In a recent interview with The Economist, the commander-in-chief of the Ukrainian Armed Forces Valery Zaluzhny delivered a long-needed dose of reality. «Just like in the First World War,» he said, «we have reached the level of technology that puts us into a stalemate. There will most likely be no deep and beautiful breakthrough.»
The admission that a long war lies ahead comes at a strange moment for bureaucrats in Moscow tasked with keeping Russia’s war machine afloat. The slow militarization of the Russian economy and cumulative effect of sanctions have ripped up the foundations of macroeconomic stability that policymakers have relied upon for much of the last quarter century. Defense spending is officially slated to rise from 3.9% of GDP this year to 6% next year, a figure that almost certainly obscures real levels of expenditure; the classified portion of outlays has reached a record 27% and ever more state resources are directed towards the war efforts. In normal conditions, these expenditures would be manageable.

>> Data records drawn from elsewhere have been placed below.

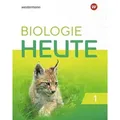 Biologie heute SI 5 / 6. Schulbuch. Für Gymnasien in Niedersachsen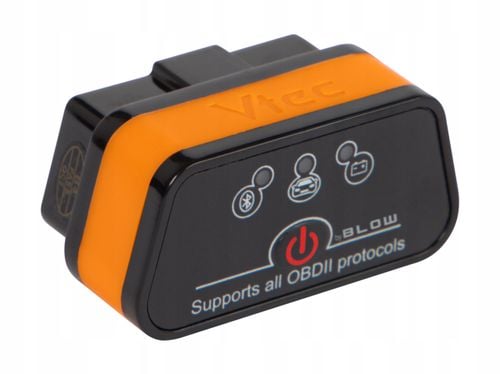 2x INTERFEJS DIAGNOSTYCZNY OBD2 BLUETOOTH ANDROID iOS WINDOWS TESTER POLSKI na Arena.pl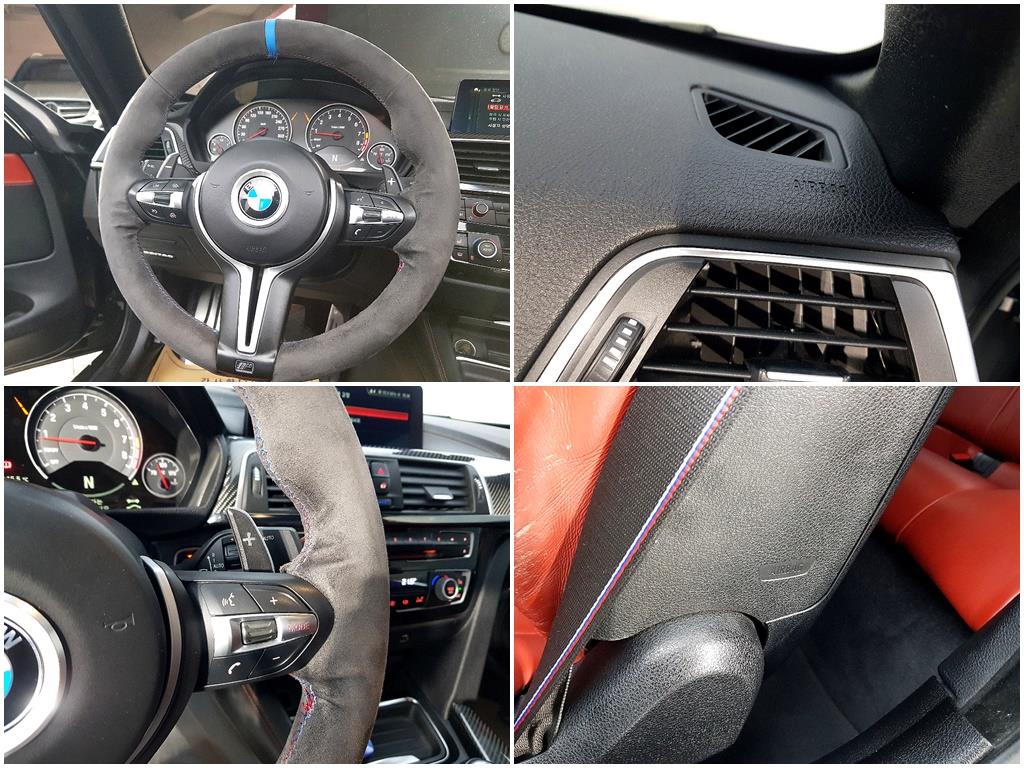 BMW 4 Series 2018 Negro - Importación desde Corea - HF Imports Iquique - Foto 15
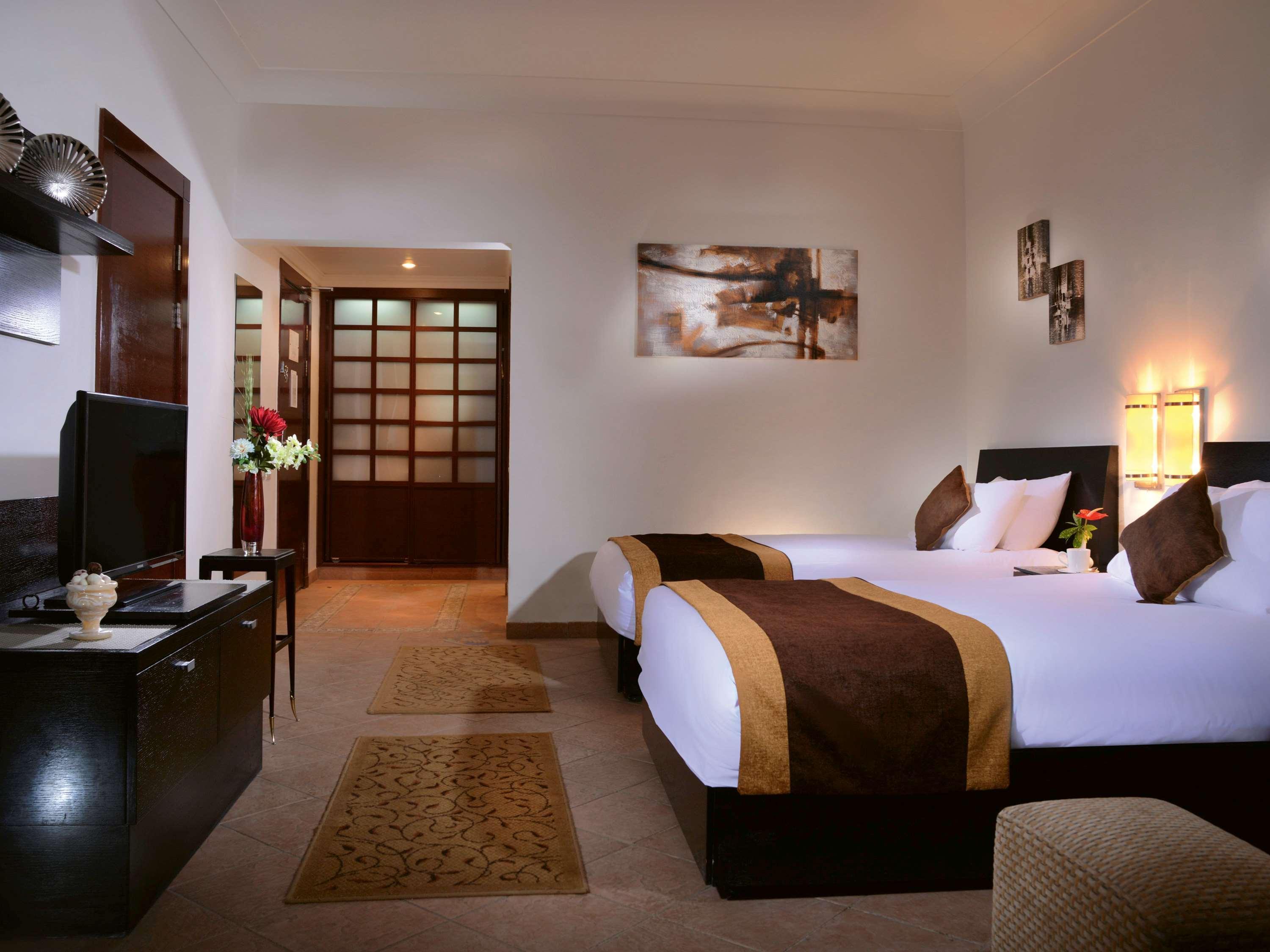 Moevenpick Resort El Sokhna Ain Sukhna Exterior photo Deluxe Room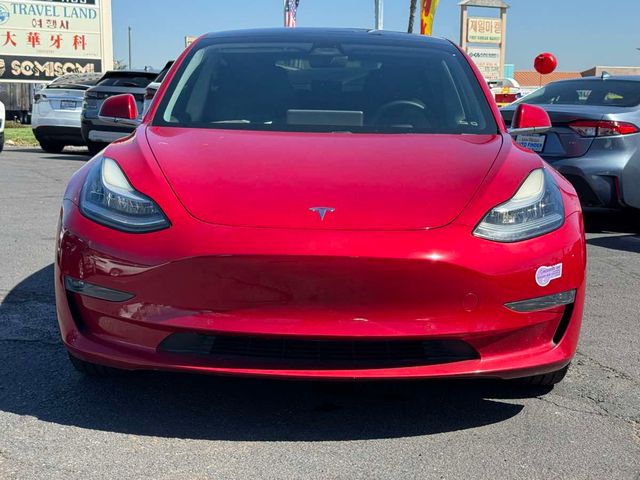2019 Tesla Model 3 Standard Range Plus
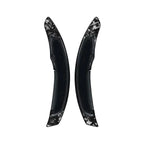 Carbon Look Steering Wheel Shift Paddle for Mitsubishi Lancer, Outlander, Eclipse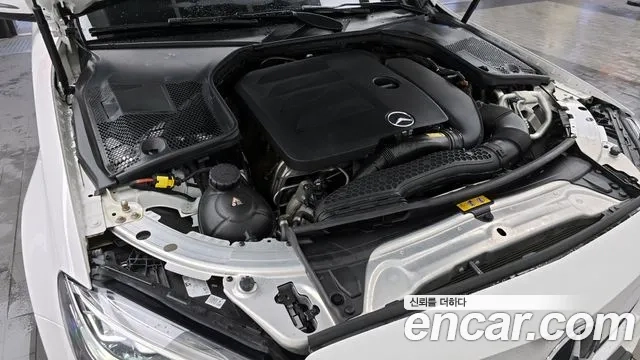 Mercedes-Benz C-Class W205 id 2936854 из Кореи 16
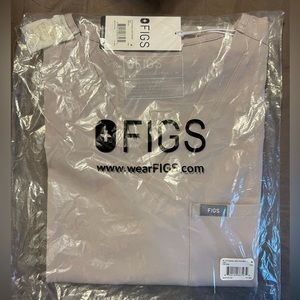 Figs Catarina Scrub Top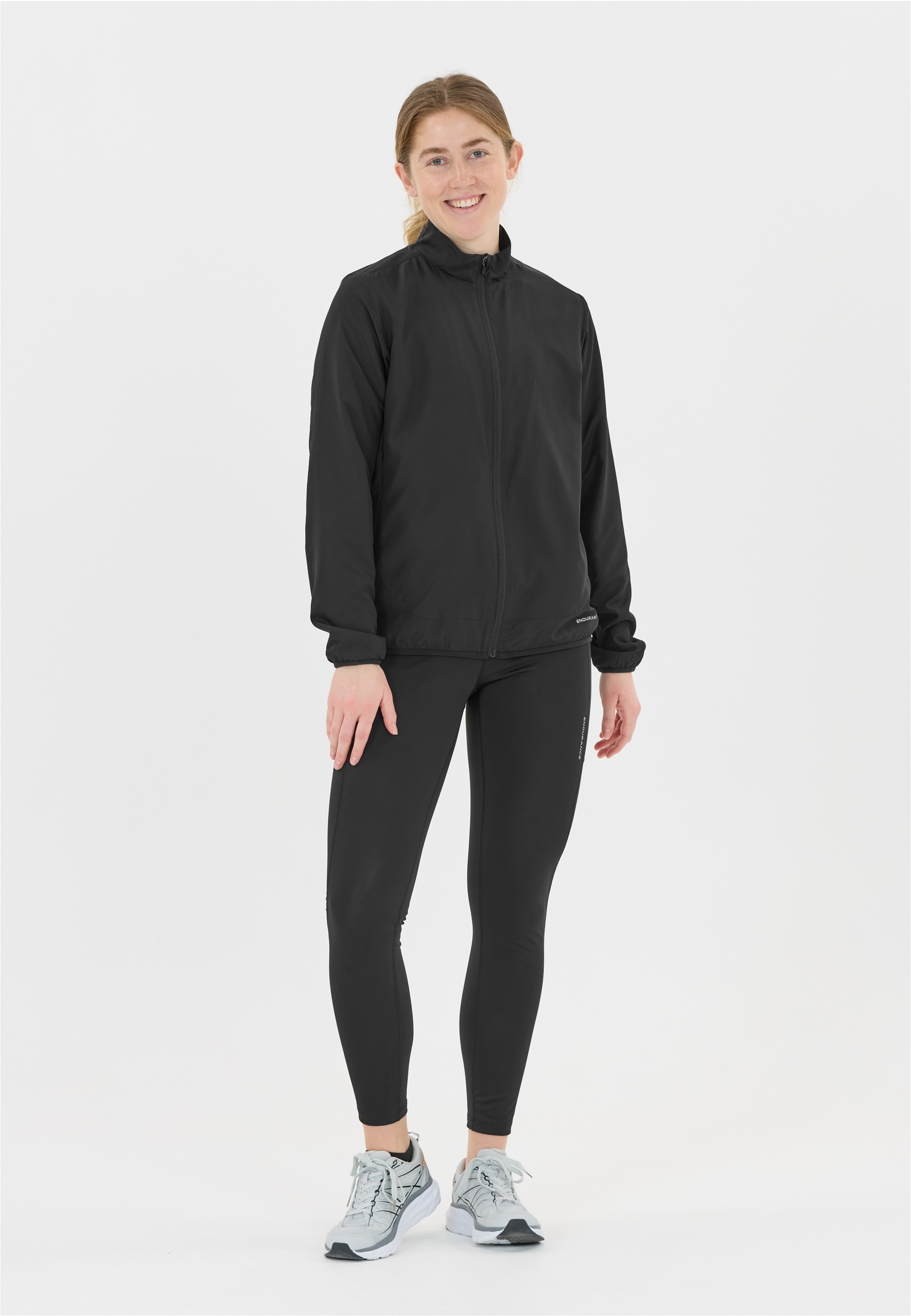 ENDURANCE Laufjacke »Comay«, mit wasserabweisendem BionicFinish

Now, however, the stability of the ruble is largely hostage to the country’s export earnings (dominated by oil exports) and whether the government can repatriate capital deposited abroad. A weaker ruble rapidly translates into higher inflation. So many consumer goods and industrial inputs are imported, plus demand for imports has been boosted by the surge in spending on the war and shortages of labor driving up wages. Meanwhile, minimizing budget deficits hinges on a weaker ruble, which increases state tax receipts from oil & gas and correlates to stronger non-oil & gas tax revenues from improved tax collection, rising rates on business, and rising wages increasing income tax revenues.

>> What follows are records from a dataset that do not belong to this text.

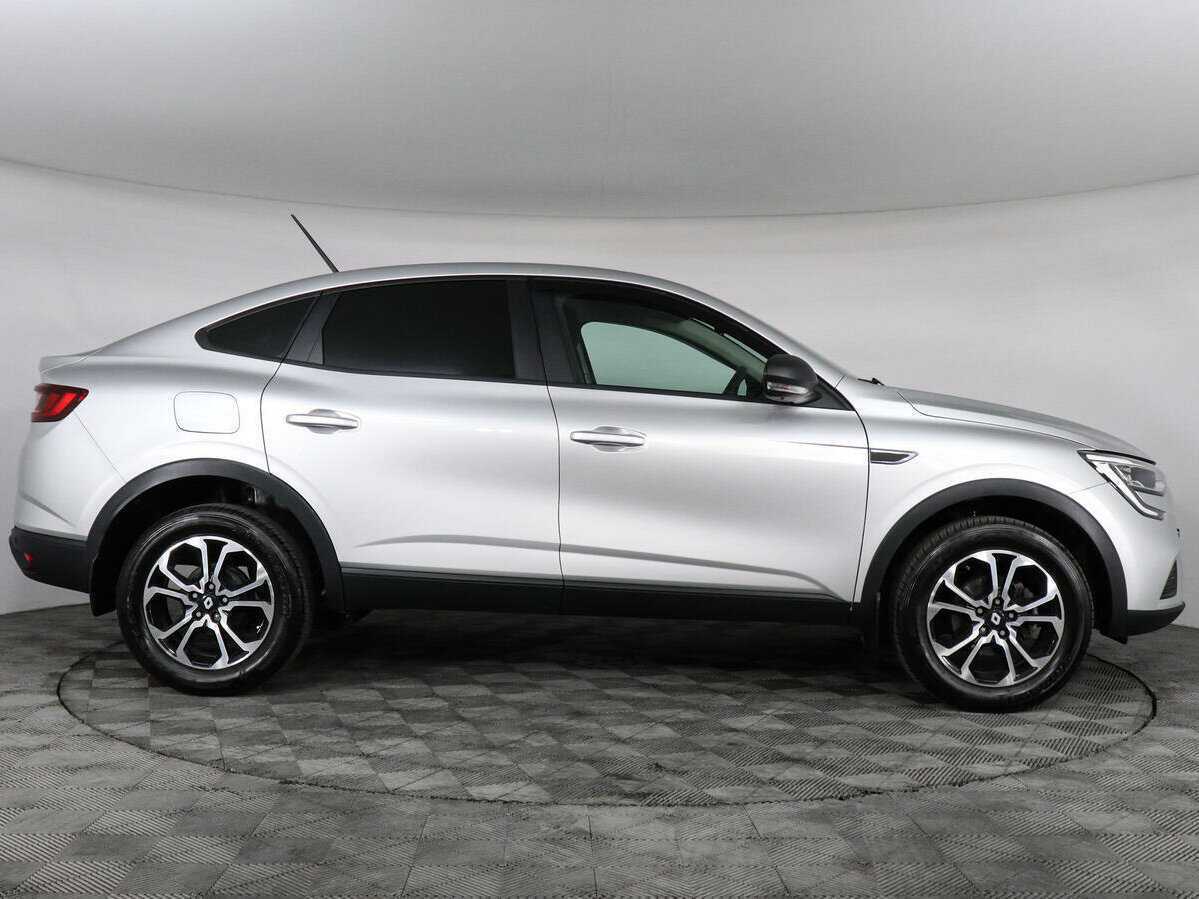 Renault Arkana, 2022 - Фото №3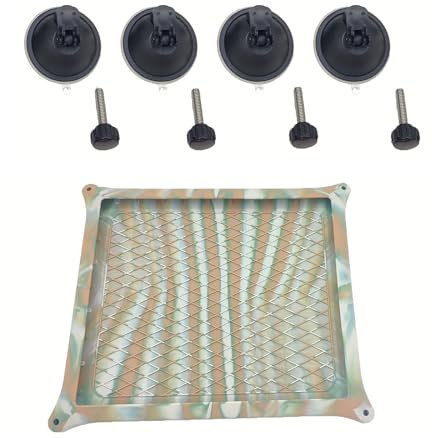 Asukohu Thermals Ventilation Silicone Covers For Satellite Systems AntiInterference Secure Adhesive Base Weatherproof Satellite Antennas Protectors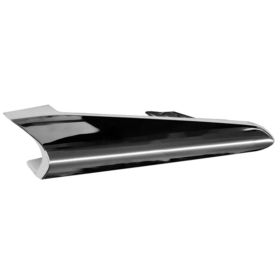 Mazda 3 2017-2018 Front Passenger Side Fog Light Trim - MA1039136 - OEM - BAJC50C12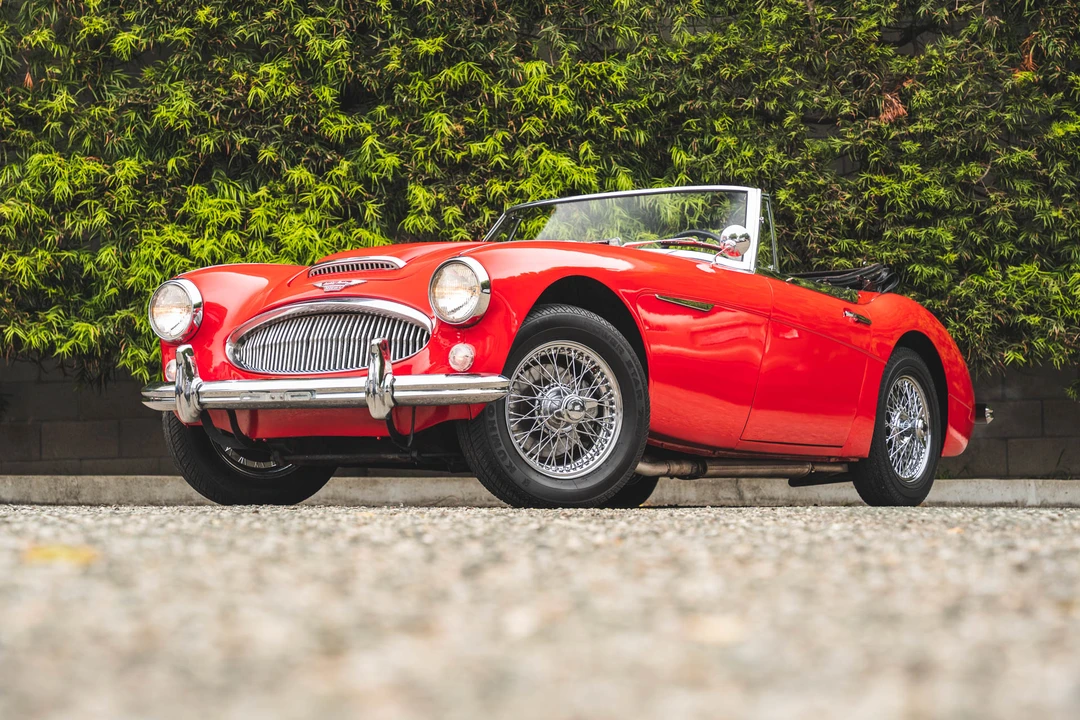 1964 Austin-Healey 3000 Mark II - Image 11 of 31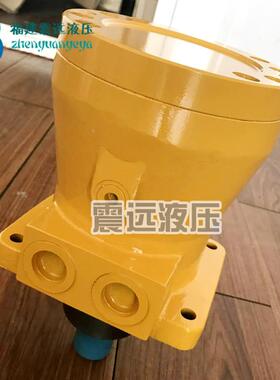 轴向柱塞泵（马达）XM-F40L ZM40 液压马达XM-F75F ZM75吊机专用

Policymakers are also immobilized by the need to quash inflation ahead of presidential elections next March. Since the start of the special military operation, inflation has become harder to assess holistically. Central bank surveys show large spikes in the gap between expected inflation and observed inflation; despite topline inflation slowing significantly to the 6−7% range right now in annualized terms, underlying trends point to greater price increases. In response, Russia’s central bank governor Elvira Nabuillina hiked the key rate to 15% from 13% in late October anticipating growing pressure on households as businesses react with price hikes. Those pressures have been borne out by surveys since. Inflation has ticked up to 7.4% in annualized terms despite the beginnings of a consumer slowdown from rising interest rates.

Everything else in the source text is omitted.